Almost every estate plan can benefit from a living trust. There’s a lot to love about living trusts: they can keep your assets out of probate, allowing them to pass seamlessly to your heirs; they allow you to control and use the assets during your life, and even to place conditions on their use and distribution after your death. They’re relatively simple to update or even revoke, should you so choose.
Unfortunately, just having a living trust isn’t enough to assure you all of these benefits. There are many ways that a small error or failure to take action can render your trust less effective, or completely useless. If you’re relying on the trust to carry out your wishes, that could mean disaster for your intended beneficiaries. At the very least, it will certainly mean a legal headache. Learn how to make sure your living trust does just what you want it to by avoiding these seven problems.
Your Trust Isn’t Funded
Many a person has walked out of their estate planning attorney’s office with a sense of satisfaction that they’ve “gotten their affairs in order” by creating a trust. But creating the trust is only the beginning. A trust that is not funded is only an empty vehicle. To make it useful, you need to place assets in the trust by titling them in the name of the trust. This means changing the name on your bank account, for instance, from “John Q. Smith” to “The John Q. Smith Revocable Living Trust” or executing a deed for your house from yourself to the trust. If the prospect of funding your trust is intimidating, make a list of the assets you want to place in it and consult with your estate planning attorney as to what you need to do to fund the trust.
You Don’t Have a Pour-Over Will
Even if you’ve funded your trust, you’re almost sure to have assets outside the trust, such as after-acquired assets and personal property. A pour-over will is simply a will that directs that any property you own in your sole name at your death is to be “poured” into the trust and distributed according to the terms of the trust. This will may still have to go through probate, though, so don’t neglect to fund the trust during your life in favor of relying on the pour-over will.
You Picked the Wrong Successor Trustee(s)
Don’t pick a trustee for the wrong reasons. You will be the trustee of your living trust during your life, but you will need to name a successor trustee to administer and distribute trust assets after your death. It’s common for people to name someone they love, but love isn’t enough to make your trust effective. If your brother is terrible at managing money, don’t choose him. If your best friend has a heart of gold, but also a gambling problem, she’s not your best option. You don’t need to pick a financial genius, but your successor trustee should be diligent, smart, and ethical. And if you plan to name co-trustees, such as two adult children, make sure they can work well together.
The Trust is Outdated
To some extent, a trust is “set it and forget it.” But if your trust was created years ago, changes in the law may serve to make the trust less effective for your goals than it could be.
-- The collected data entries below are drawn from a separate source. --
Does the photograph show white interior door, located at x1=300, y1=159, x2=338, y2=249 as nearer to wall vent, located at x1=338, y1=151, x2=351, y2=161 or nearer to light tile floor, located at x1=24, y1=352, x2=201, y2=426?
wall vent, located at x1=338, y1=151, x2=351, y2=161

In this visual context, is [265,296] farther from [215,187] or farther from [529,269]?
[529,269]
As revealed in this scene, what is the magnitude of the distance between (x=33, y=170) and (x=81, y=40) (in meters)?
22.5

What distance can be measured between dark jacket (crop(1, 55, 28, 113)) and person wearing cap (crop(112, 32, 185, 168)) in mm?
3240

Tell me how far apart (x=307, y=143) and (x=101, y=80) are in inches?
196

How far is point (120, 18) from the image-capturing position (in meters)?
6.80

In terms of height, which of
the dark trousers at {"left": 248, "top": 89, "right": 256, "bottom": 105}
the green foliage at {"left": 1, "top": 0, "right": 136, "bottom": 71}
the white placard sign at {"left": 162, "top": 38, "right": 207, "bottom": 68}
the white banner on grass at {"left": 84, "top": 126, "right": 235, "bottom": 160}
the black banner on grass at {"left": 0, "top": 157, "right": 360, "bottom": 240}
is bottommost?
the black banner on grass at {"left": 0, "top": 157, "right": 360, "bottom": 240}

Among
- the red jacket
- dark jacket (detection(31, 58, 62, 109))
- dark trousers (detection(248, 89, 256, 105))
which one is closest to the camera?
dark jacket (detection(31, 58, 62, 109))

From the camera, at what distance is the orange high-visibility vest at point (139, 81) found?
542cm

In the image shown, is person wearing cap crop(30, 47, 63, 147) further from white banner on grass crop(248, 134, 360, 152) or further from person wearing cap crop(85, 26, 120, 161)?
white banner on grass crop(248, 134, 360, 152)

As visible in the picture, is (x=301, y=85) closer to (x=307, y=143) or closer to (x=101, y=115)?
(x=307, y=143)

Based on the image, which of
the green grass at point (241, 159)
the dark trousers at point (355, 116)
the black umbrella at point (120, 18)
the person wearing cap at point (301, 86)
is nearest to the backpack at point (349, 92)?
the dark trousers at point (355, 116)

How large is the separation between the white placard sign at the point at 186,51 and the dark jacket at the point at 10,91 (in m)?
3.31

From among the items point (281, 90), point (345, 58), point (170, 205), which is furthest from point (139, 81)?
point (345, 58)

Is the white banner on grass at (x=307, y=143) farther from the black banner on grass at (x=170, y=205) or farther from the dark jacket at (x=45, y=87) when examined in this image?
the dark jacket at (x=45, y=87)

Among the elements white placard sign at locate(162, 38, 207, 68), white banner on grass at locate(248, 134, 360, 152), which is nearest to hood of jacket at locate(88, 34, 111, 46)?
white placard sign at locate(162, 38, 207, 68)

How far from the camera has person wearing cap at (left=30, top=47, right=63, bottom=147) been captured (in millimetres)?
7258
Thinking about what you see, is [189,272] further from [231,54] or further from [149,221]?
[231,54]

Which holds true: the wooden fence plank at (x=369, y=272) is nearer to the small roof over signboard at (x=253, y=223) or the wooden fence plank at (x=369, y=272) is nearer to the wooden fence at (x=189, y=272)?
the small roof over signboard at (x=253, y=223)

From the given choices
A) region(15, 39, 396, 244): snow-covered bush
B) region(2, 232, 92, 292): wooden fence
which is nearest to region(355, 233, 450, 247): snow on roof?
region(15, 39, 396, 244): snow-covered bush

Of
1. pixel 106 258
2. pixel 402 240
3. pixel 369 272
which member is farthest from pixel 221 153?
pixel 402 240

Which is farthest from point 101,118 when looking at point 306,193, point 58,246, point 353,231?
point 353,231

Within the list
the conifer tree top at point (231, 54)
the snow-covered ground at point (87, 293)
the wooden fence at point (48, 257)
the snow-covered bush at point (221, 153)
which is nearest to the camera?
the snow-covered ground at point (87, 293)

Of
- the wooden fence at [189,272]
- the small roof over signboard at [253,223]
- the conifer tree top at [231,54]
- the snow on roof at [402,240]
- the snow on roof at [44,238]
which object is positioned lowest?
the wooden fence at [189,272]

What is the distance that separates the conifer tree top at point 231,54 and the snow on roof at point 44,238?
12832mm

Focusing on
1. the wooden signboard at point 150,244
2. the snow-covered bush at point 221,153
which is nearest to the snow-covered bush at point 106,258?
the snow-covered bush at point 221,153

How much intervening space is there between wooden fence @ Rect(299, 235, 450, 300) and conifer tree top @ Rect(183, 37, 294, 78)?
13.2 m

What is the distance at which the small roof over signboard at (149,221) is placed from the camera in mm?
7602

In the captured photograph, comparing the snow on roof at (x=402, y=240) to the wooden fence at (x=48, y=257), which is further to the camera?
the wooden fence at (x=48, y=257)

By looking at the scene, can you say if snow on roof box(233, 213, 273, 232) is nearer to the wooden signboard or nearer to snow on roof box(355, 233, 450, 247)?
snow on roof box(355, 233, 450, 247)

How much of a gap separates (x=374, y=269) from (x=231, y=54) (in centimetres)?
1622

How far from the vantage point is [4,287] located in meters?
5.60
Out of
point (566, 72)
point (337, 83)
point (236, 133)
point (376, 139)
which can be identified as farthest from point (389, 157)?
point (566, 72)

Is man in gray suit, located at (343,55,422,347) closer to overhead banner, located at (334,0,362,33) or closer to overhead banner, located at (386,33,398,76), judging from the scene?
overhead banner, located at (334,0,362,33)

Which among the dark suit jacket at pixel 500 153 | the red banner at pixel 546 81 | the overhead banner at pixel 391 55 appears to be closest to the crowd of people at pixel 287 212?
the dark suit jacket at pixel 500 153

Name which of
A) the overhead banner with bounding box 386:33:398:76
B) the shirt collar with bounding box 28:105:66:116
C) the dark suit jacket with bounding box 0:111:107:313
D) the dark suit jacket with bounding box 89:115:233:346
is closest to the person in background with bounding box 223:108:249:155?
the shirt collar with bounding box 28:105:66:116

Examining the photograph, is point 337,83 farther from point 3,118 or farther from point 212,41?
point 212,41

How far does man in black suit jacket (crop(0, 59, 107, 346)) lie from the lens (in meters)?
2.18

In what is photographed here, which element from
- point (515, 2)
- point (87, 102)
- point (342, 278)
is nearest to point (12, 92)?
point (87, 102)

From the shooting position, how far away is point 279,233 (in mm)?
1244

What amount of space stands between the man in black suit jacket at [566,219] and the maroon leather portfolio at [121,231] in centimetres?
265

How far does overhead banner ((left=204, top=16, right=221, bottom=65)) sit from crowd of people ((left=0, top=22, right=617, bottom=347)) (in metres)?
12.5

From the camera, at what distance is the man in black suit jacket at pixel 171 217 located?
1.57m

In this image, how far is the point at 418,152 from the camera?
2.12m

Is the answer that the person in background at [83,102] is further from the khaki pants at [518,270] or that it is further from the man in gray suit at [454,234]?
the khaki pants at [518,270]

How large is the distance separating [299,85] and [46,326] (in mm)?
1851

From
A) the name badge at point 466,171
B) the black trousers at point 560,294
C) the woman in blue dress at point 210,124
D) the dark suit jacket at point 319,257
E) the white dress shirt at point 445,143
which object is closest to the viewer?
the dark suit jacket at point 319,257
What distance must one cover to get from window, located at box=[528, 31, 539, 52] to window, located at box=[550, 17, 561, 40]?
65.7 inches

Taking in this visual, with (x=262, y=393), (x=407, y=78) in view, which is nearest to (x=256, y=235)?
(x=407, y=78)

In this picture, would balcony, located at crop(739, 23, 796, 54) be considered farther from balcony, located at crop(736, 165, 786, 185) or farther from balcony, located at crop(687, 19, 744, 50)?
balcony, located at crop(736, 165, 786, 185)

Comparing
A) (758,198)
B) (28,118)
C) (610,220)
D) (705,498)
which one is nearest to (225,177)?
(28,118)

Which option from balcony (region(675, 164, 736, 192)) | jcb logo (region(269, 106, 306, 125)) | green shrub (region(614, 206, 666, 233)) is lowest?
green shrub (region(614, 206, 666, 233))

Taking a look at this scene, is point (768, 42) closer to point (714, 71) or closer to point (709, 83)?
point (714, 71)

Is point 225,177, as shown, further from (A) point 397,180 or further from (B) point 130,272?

Consult with your estate planning attorney every few years to make sure your trust is still in a format that will meet your needs. Similarly, make sure that you regularly update your schedule of assets, so a successor trustee will know what’s actually in the trust.
Your Trust Names Dead Beneficiaries (or Trustees)
Just as changes in the law can affect your trust, so can changes in your life. This one may seem obvious, but if you have named in your will a beneficiary or successor trustee who has passed away, it’s time to update your trust. You may also wish to consider if other circumstances have changed such that you no longer want a named trustee to serve, or a named beneficiary to inherit from you. Likewise, if one of your trustees has become legally incompetent due to dementia or another reason, it’s time for an update.
Your Trust Wasn’t Properly Executed
If you had your trust prepared by an experienced Michigan estate planning attorney, this is much less likely to be an issue, but many people prepare trusts using online legal services which don’t provide appropriate guidance or support. A surprising number of people forget to sign their trusts, which makes them legally ineffective. Other errors in execution, such as failing to have witnesses or to get the trust notarized, can also lead to legal difficulties down the road.
Your Loved Ones Don’t Know How to Find Your Trust
You need not share every detail of your trust with your loved ones before your death, but at a minimum, more than one person should know that you have a trust, and where to find it. Otherwise, they may assume you didn’t have an estate plan, and all your assets may end up going through probate, possibly being distributed to people other than those you intended. If you want to keep your trust private, ask your estate planning attorney to keep it on file, and let your loved ones know whom to contact in the event of your death.